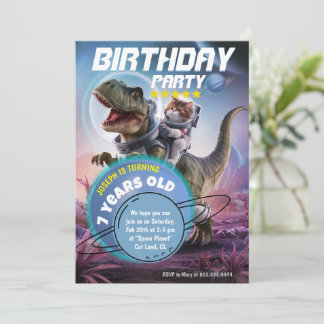 Convite Dinossauro e Festa de aniversário do Astronauta Ga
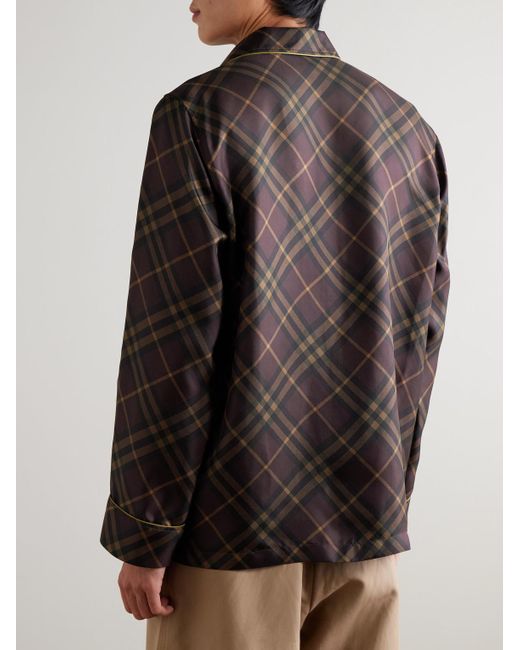 Burberry Brown Silk Shirt With A Check Pattern for men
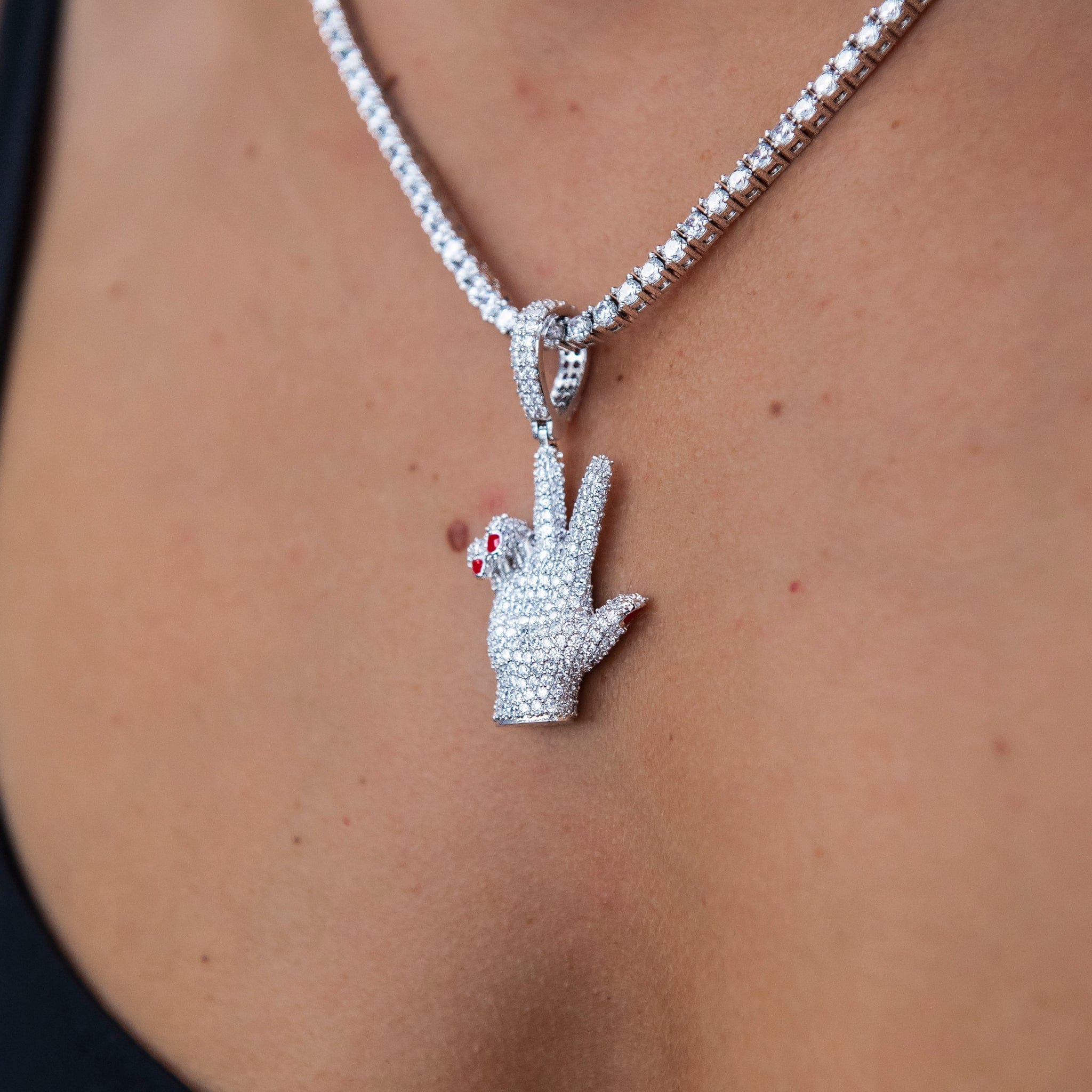GLD Women GLD x Ryan Williams Peace Sign Pendant in White Gold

→ Exercise aim:
Reproduce the preceding material exactly, skipping pictures.

→ Result of the exercise:
 Convite Dinossauro e Festa de aniversário do Astronauta Ga
 Burberry Brown Silk Shirt With A Check Pattern for men
GLD Women GLD x Ryan Williams Peace Sign Pendant in White Gold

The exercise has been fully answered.